April 2005 and ‘Gods And Monsters’ represented a fuller, more expansive chapter in I Am Kloot’s musical autobiography. Recorded in Stockport's Moolah Rouge with producer Joe Robinson, its thirteen songs were without doubt the trio's strongest and most ambitious to date. Of that period, Johnny Bramwell said "Something clicked and I felt as if the band had just begun, as if we'd sprung from the head of Zeus in full body armour. The first album reminded me of ‘Columbo.’ This one makes me think of ‘Richard III. Okay, there's a huge difference, but you can feel the thread in my head… there's a connection, you know. Both outsiders - Columbo the goodie and Richard the baddie…can you feel it?"
The band set off on their first tour of America in March 2005 to coincide with the release of the 'I Am Kloot' album, their first stateside release.
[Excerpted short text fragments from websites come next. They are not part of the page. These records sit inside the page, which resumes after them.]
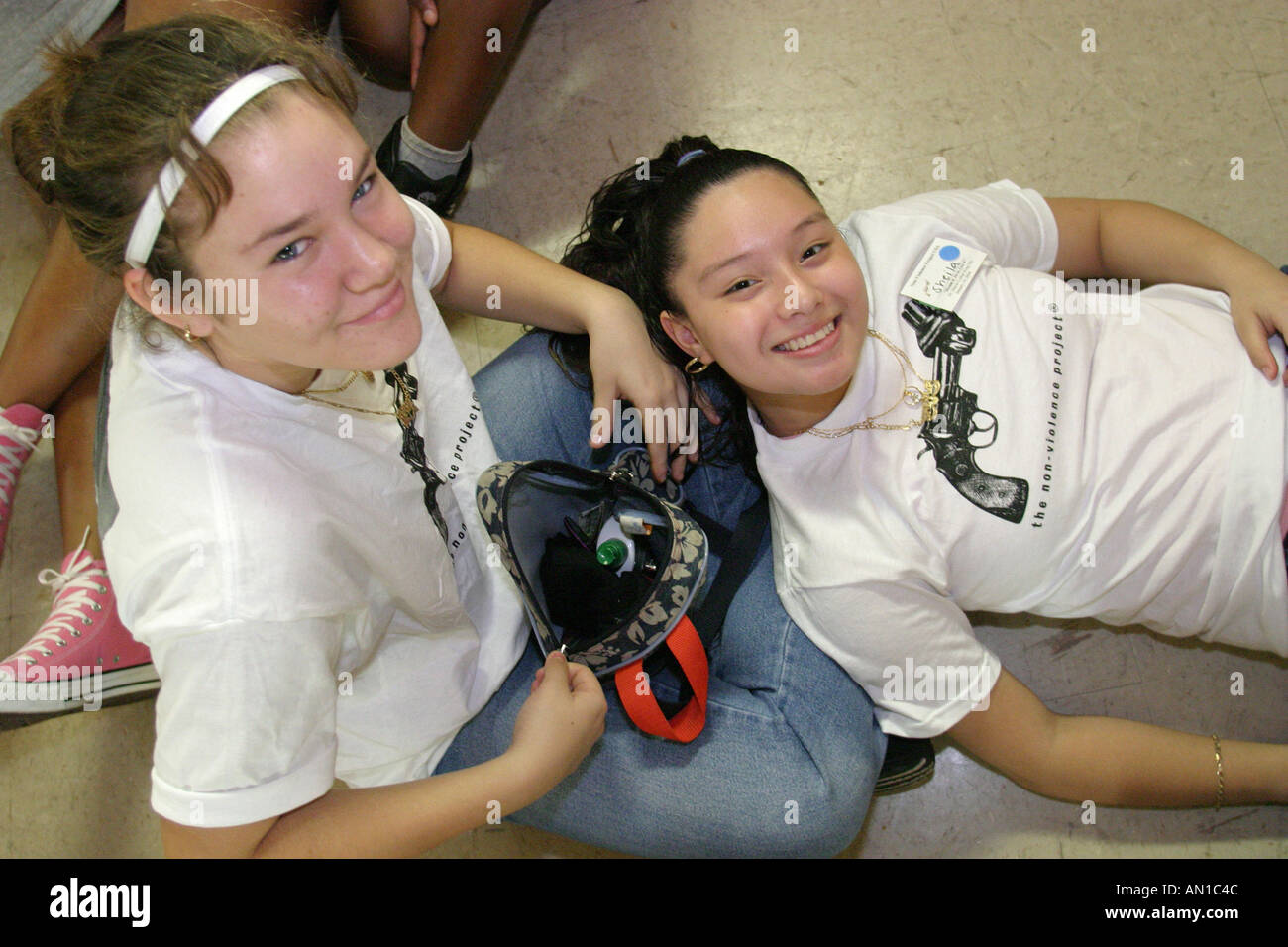 Miami Florida,non violence Project USA,apprendre apprend l'apprentissage,enseigner,étudiants éducation élève jeunesse,anti drogue anti violence,éducation,étude,non Banque D'Images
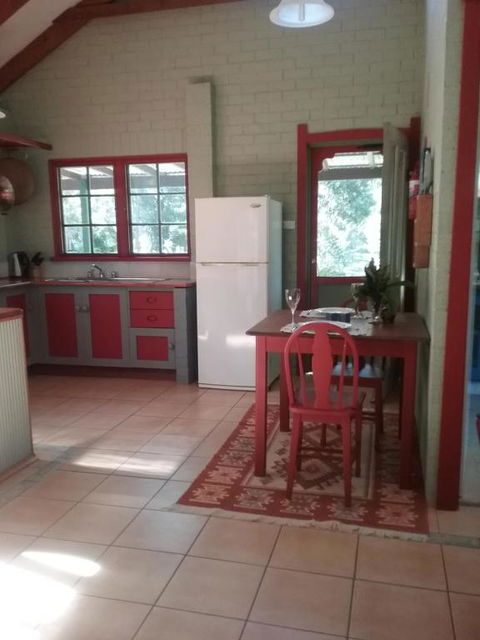 Narrawallee Creek Studio - Tourism Gold Coast 4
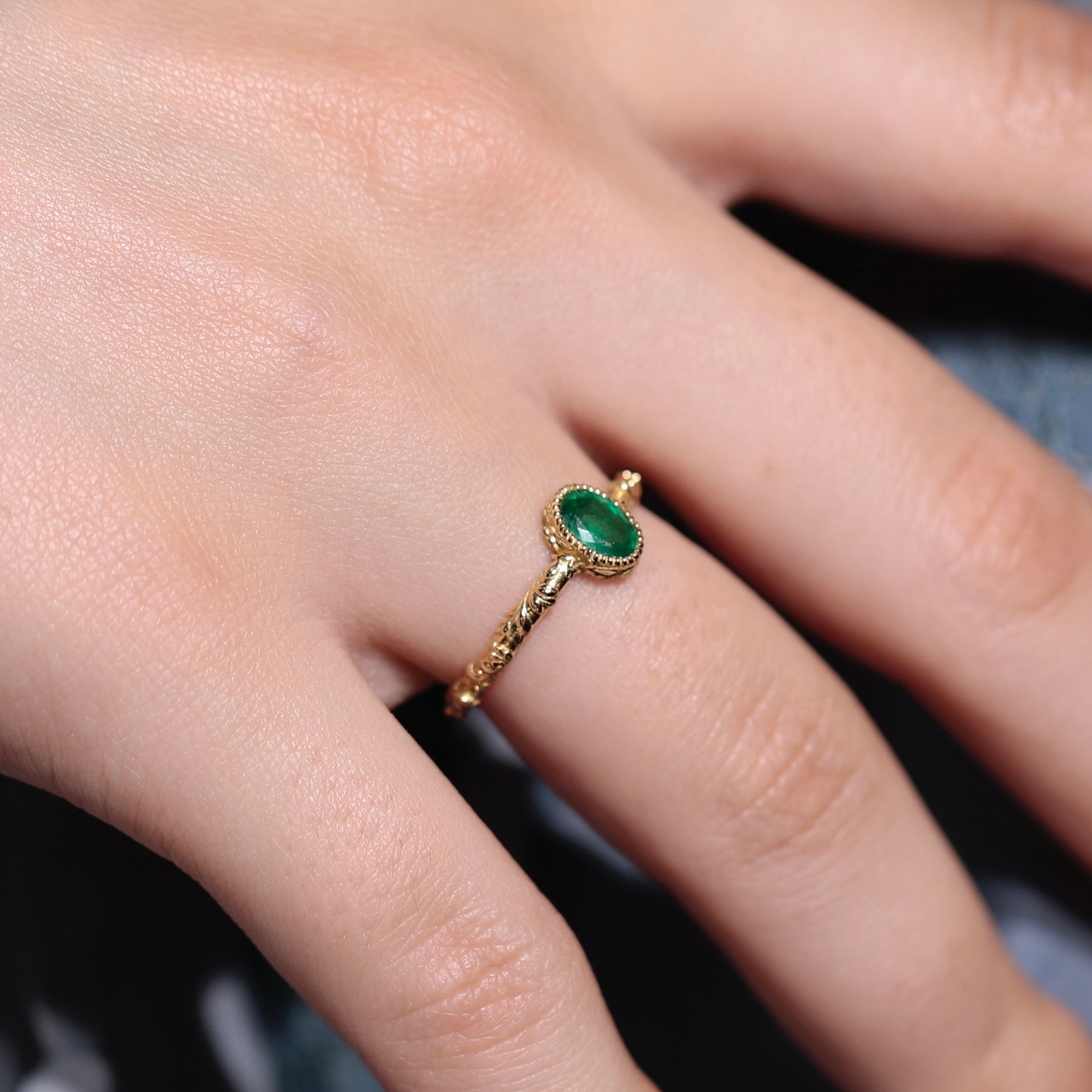 Bague solitaire anneau gravé or recyclé 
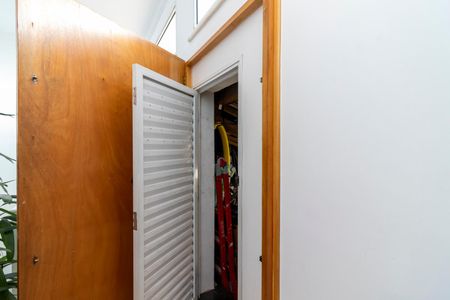 Casa à venda com 280m², 3 quartos e 4 vagasHall dos Quartos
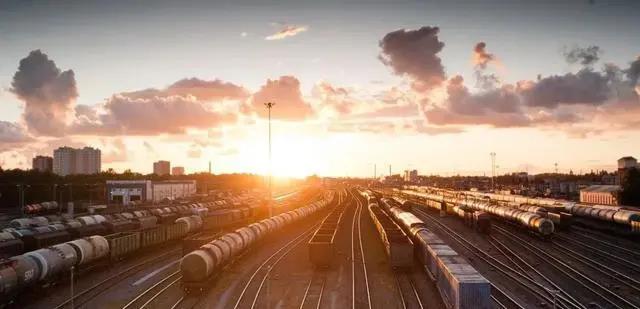 臺媒：運力趕不上全球貿易鏈修復速度 缺艙將愈演愈烈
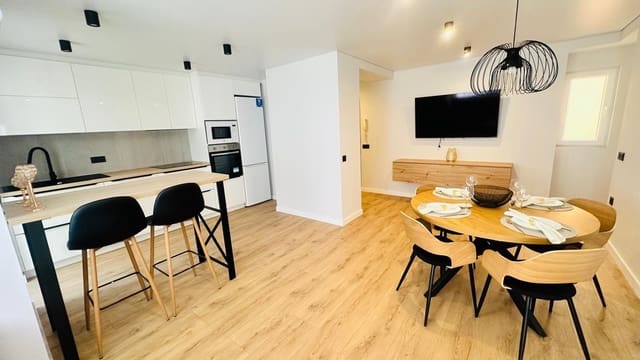 Apartamento de 3 habitaciones en Las Piscinas Naturales, Torrevieja en venta - 249.605 € (Ref: 9137114)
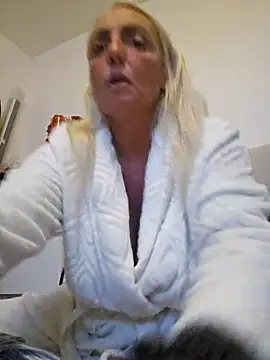 Snapshot of theblondecocklover chatting on July 19, 2026, 10:24 pm theblondecocklover online show from July 19, 2026, 10:24 pm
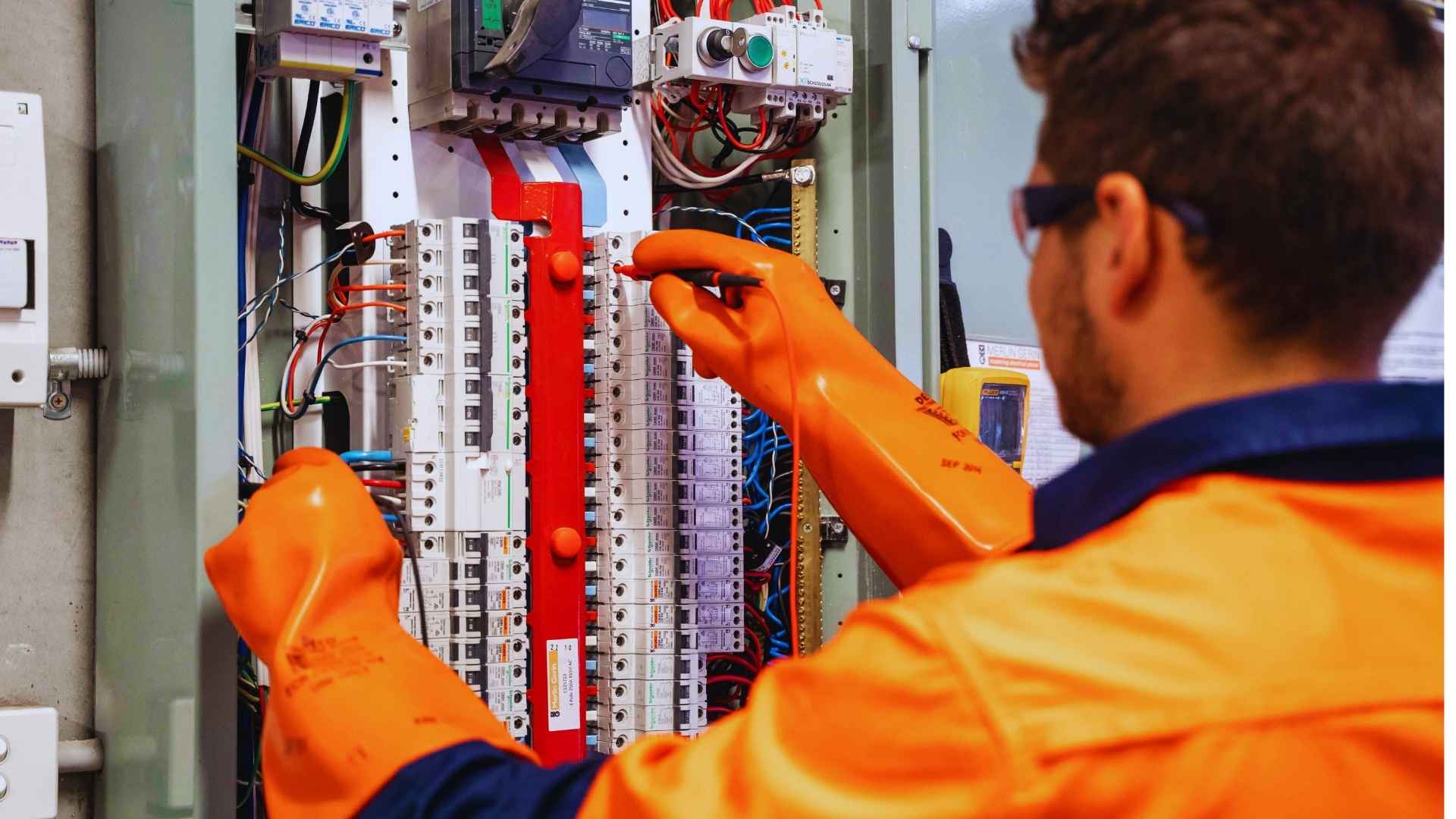 Reforma eléctrica para 2026: qué debes actualizar en tu vivienda o local - Desarrollos Integrales Lumijisa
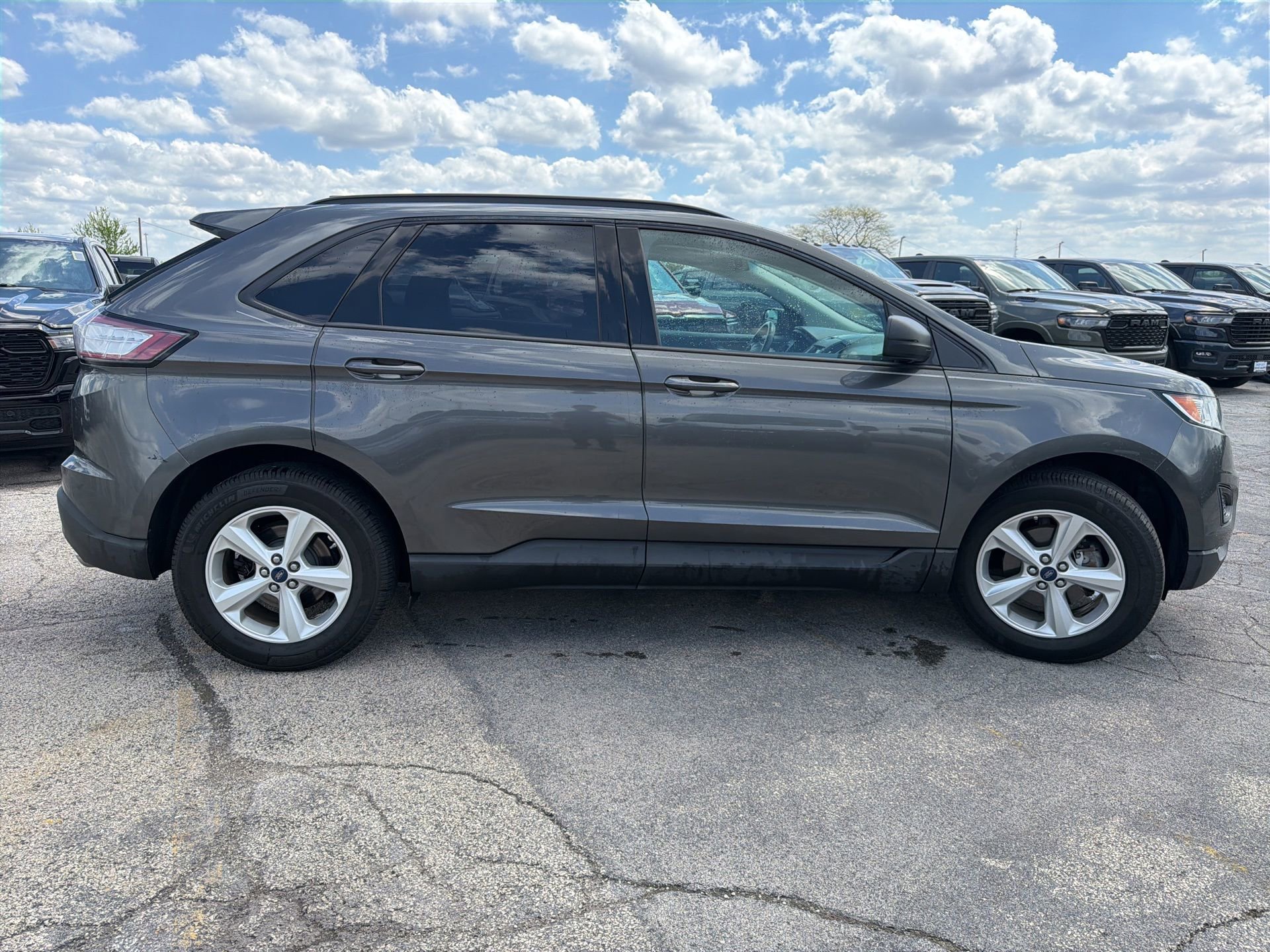 Used 2015 Ford Edge SE FWD image 7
The US dates were the first of what was more or less a world tour through 2005. It's a way of life the band had already become accustomed to, having toured extensively through the UK and Europe, playing every major festival from Glastonbury to Benicassim along the way.
“I Am Kloot is a little universe we’ve created I Am Kloot is not a band, it’s a world. It’s an enigmatic one because it’s both brutal and charming. It’s ruthless and endearing, it’s full of contradictions and – it shifts across the sky like the weather.”
The core I Am Kloot line up of Johnny Bramwell (voice and guitar), Peter Jobson (bass) and Andrew Hargreaves (drums) also been worked with director Danny Boyle on the soundtrack of his latest sci-fi feature ‘Sunshine’. This is not the band’s first foray into film as they also appear on the soundtrack to ‘Snow Cake’ (starring Alan Rickman and Sigourney Weaver) and feature on ‘Middle Of Nowhere’, an Australian film which was drelease in 2007.
Towards the end of 2006 the band embarked on a string of hugely successful dates for their core fans to playing sold out two night stands in London, Manchester and Amsterdam. 2007 has seen the band visit Turkey and Italy, and John Bramwell has now completed his third sold out gig as part of a monthly residency at Islington's Bar Academy.